Dozie Ferdinand Nwankwo ) is a Nigerian politician who represented Njikoka/ Anaocha and Dunukofia Federal Constituency at the House of Representatives. He is a member of the All Progressives Grand Alliance (APGA). He won the primary election under the All Progressives Grand Alliance (APGA) for Anambra Central Senatorial District for the 2023 Senatorial election. However, he lost the senatorial seat to Labour Party (LP) candidate.

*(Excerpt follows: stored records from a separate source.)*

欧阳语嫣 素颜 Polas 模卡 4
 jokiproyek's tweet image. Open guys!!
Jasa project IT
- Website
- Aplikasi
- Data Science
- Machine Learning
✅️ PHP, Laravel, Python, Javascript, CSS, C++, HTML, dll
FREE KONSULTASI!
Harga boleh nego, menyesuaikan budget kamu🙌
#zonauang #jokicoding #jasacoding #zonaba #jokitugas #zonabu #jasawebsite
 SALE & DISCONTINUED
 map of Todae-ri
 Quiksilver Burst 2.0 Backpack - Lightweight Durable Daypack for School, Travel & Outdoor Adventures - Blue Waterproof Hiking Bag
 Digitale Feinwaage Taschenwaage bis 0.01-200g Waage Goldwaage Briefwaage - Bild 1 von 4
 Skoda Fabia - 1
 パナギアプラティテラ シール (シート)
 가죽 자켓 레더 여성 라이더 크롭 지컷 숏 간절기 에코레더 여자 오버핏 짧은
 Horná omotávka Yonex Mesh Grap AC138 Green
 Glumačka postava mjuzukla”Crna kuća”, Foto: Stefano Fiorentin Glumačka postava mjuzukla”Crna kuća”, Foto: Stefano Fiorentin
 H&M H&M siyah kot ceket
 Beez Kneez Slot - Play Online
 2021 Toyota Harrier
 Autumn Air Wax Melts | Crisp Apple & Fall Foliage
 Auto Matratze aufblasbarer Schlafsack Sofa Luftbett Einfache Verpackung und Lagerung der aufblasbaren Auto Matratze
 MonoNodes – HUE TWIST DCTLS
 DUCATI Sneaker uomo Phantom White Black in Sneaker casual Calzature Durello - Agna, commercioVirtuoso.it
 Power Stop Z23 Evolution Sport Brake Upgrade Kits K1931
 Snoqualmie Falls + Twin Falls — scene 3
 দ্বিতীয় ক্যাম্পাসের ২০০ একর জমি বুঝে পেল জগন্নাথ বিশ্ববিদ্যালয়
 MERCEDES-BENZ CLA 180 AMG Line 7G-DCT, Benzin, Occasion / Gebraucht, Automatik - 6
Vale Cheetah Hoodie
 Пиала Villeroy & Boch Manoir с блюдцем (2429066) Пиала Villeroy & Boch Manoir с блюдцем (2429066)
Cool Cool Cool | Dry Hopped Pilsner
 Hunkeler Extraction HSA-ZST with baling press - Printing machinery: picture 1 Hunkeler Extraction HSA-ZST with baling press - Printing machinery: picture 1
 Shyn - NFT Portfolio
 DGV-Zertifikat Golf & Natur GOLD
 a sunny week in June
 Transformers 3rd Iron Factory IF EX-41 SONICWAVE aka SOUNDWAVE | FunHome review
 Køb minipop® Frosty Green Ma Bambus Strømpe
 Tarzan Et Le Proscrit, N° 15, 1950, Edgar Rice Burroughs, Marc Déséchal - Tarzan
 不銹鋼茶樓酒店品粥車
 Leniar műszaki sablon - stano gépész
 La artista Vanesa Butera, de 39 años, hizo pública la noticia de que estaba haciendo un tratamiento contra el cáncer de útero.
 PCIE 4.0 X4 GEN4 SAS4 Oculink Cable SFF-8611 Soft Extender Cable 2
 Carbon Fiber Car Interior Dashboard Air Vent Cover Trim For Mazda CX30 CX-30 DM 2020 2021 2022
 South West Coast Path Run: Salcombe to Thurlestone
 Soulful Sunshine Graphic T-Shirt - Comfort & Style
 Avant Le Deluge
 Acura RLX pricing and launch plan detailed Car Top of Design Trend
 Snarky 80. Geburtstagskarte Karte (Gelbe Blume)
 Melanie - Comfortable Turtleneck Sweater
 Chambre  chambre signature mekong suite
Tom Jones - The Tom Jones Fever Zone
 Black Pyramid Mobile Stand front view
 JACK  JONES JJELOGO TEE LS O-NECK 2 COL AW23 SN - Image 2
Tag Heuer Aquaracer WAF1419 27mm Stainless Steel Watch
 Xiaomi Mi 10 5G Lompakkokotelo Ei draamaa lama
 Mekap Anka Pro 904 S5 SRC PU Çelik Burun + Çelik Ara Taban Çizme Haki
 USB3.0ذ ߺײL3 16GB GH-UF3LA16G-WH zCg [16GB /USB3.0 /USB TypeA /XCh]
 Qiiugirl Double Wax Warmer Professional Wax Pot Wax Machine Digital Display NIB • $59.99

== Early life and education ==
Nwankwo was born in Enugu, the then capital of Anambra State to a banker father. He is a native of Enugwu-Ukwu in Njikoka local government area of Anambra State. He attended the University of Port Harcourt and obtained a BSc in accounting. Presently, he is doing his post-graduate studies in Business Administration (with an option on Leadership) at the University of Liverpool, UK. He has also attended online and offline management courses. He is married to Fabia Dozie Nwankwo and they have four children. He lost his father at the age of 83 in 2022.

== Political career ==
Nwankwo started politics as a student unionist at the University of Port Harcourt. He later joined the All Progressives Grand Alliance (APGA) and contested for the election to represent the Njikoka/ Anaocha and Dunukofia Federal Constituency at the House of Representatives. The results of the election were not accepted which led the case to the election tribunal. He reclaimed his mandate from a People Democratic Party (PDP) candidate after winning at the Court of Appeal Elections Petitions tribunal, Enugu Division on 1 November 2019. He was sworn in on 21 November 2019 in Abuja, the capital territory of Nigeria by the leadership of the House of Representatives. He has served two terms in the Federal legislature. His interests in the Federal House are Healthcare, Education, Infrastructure, and Petroleum (Upstream).

In the 25 February 2023 election in Nigeria, Nwankwo contested for the Senatorial seat of the Anambra Central Senatorial District under the All Progressives Grand Alliance (APGA). However, he lost the senatorial seat to Labour Party (LP) candidate, Victor Umeh, who had 103,608 votes while he had 69,702 votes.

== Awards ==
Nwankwo was presented the Peace Ambassador award from the Port Harcourt Chamber of Commerce and Industry. He also has an Award of Excellence from the Rotary Club of Port Harcourt. He was given an Igbo Youth Congress Award.

On 7 January 2017, his community conferred a Chieftaincy Title called Onyendozi (The Reconciliator) of Enugwu Ukwu na Umunri, during the Iguaro ceremony in his hometown, Enugwu Ukwu, Anambra. He also has Chieftaincy titles from  Ukwulu – Ifechukwudelu; Enugwu Agidi – Agunaechemba; Nteje Abogu – Akalaka; Anaocha - Osinachi.